WORK ITEM
Find the line containing "STARS ON 45", then return it and every line after it through the end of the records, exactly. Leave out pictures.

*** GIVEN RECORDS ***

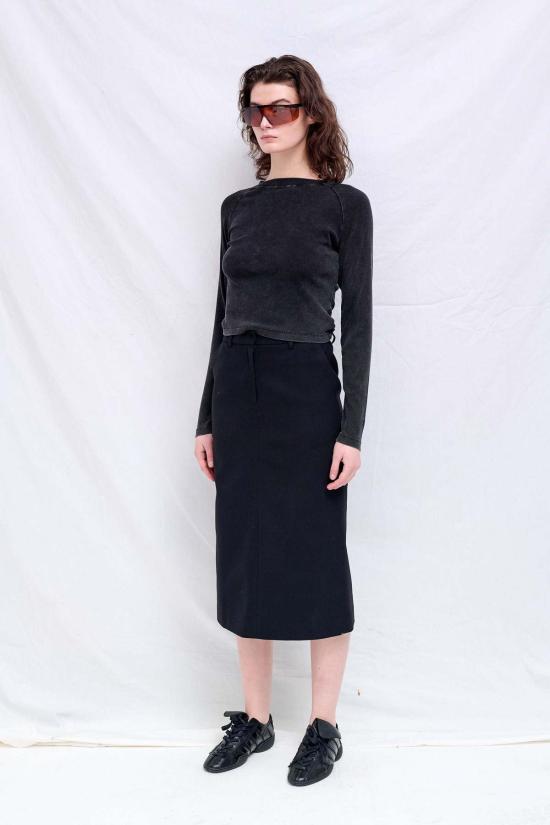  어셈블리 뉴욕 긴팔 티셔츠 어셈블리 블랙 래글런 긴팔 슬림 티셔츠 - ASSEMBLY NEW YORK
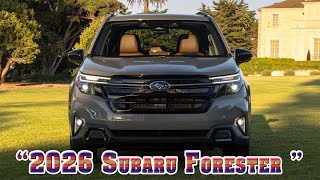 2026 subaru forester wilderness  2026 subaru forester limited  2026 subaru forester australia USA [upl. by Nnyladnarb185]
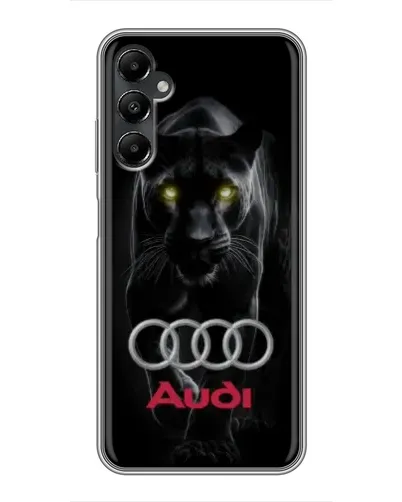 Чехол для Samsung Galaxy A05s с картинкой «Пантера и Audi»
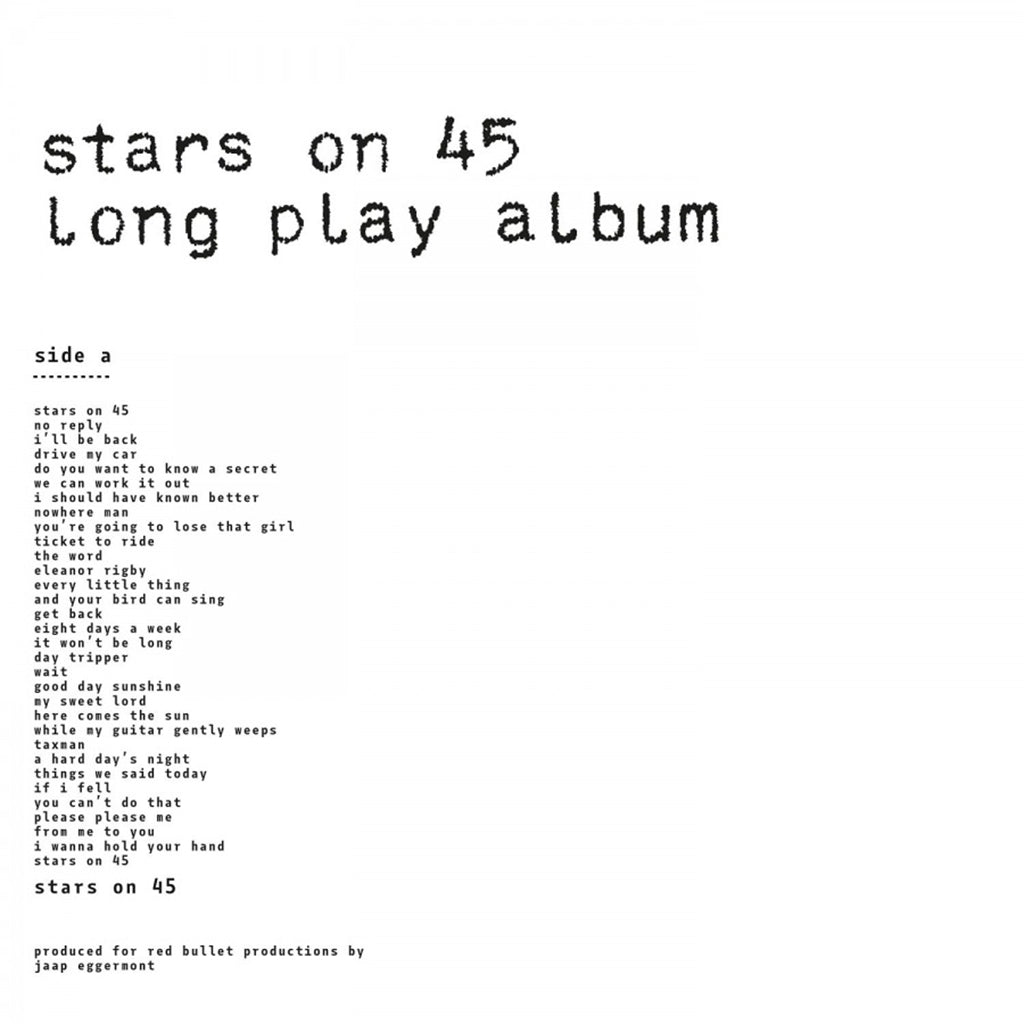 STARS ON 45 - Long Play Album (Remastered) - LP - 180g White Vinyl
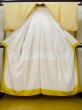 Photo2: L1213C Used Japanese women Pale Yellow IROMUJI plain colored / Silk.    (Grade C) (2)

*** End of GIVEN RECORDS ***

TASK RESPONSE
 STARS ON 45 - Long Play Album (Remastered) - LP - 180g White Vinyl
 Photo2: L1213C Used Japanese women Pale Yellow IROMUJI plain colored / Silk.    (Grade C) (2)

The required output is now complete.